■ Exercise material
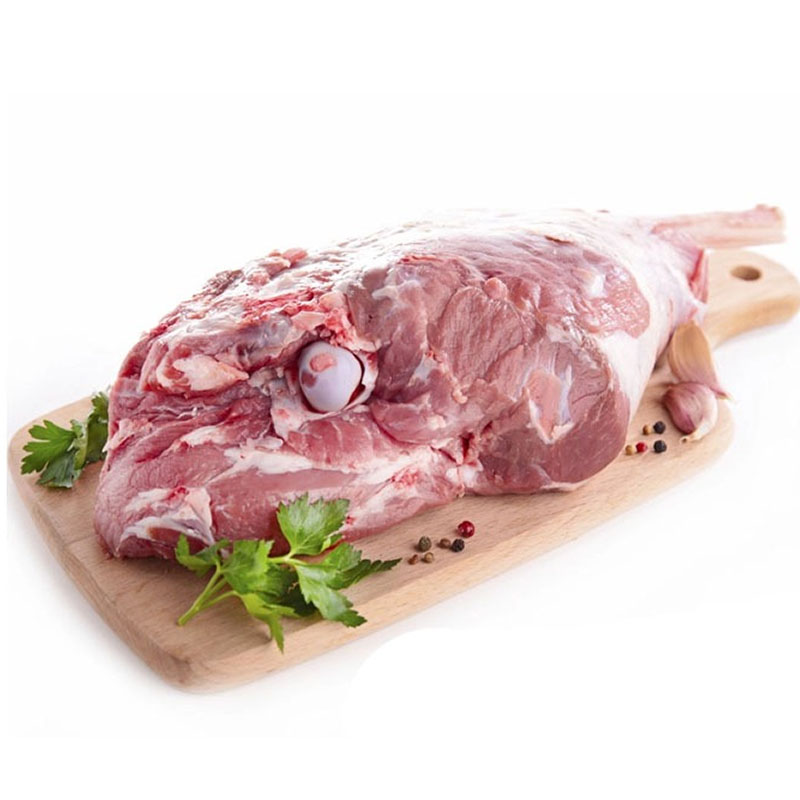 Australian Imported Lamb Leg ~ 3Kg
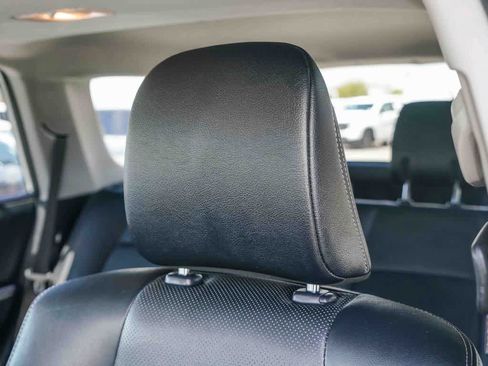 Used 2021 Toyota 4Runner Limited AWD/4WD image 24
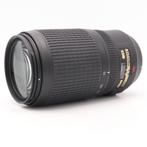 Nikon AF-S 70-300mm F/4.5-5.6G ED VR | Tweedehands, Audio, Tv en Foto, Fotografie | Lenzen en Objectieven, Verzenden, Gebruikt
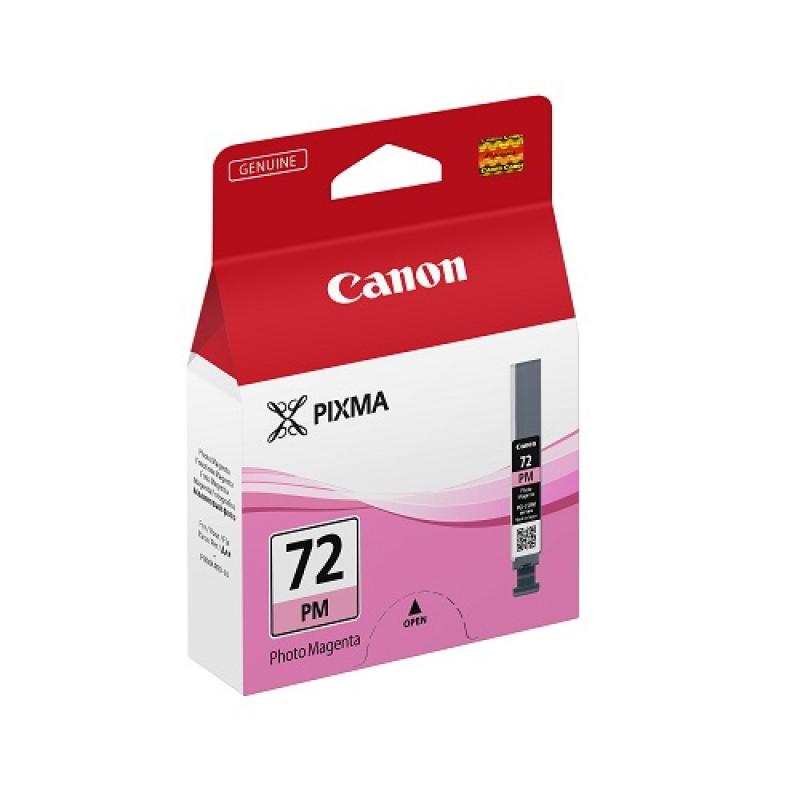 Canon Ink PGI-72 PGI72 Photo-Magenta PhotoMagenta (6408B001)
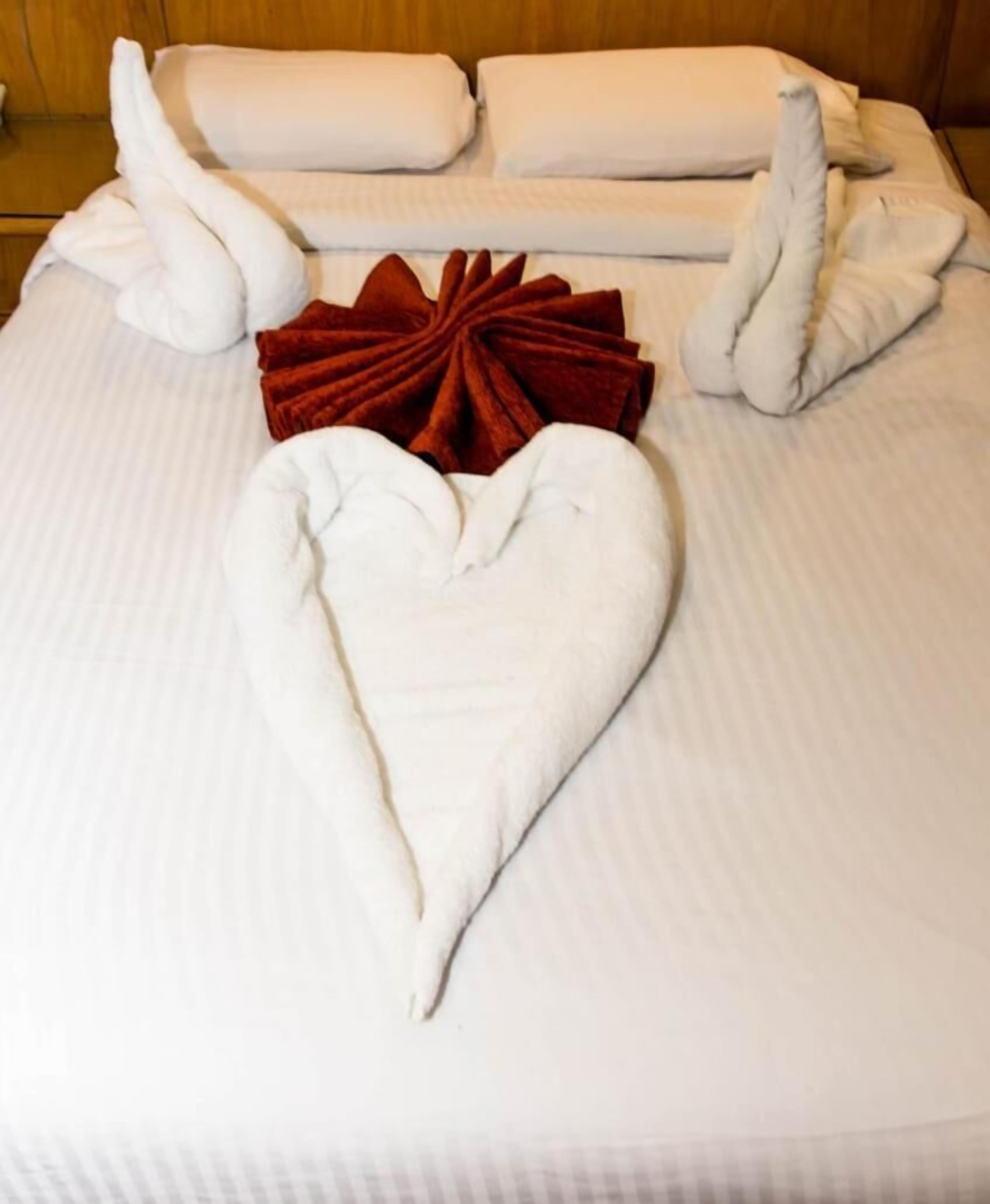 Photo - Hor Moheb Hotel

■ What is being asked
In your copy, include no pictures, but reproduce all records exactly.

■ Answer area
 Australian Imported Lamb Leg ~ 3Kg
 Used 2021 Toyota 4Runner Limited AWD/4WD image 24
 Nikon AF-S 70-300mm F/4.5-5.6G ED VR | Tweedehands, Audio, Tv en Foto, Fotografie | Lenzen en Objectieven, Verzenden, Gebruikt
 Canon Ink PGI-72 PGI72 Photo-Magenta PhotoMagenta (6408B001)
 Photo - Hor Moheb Hotel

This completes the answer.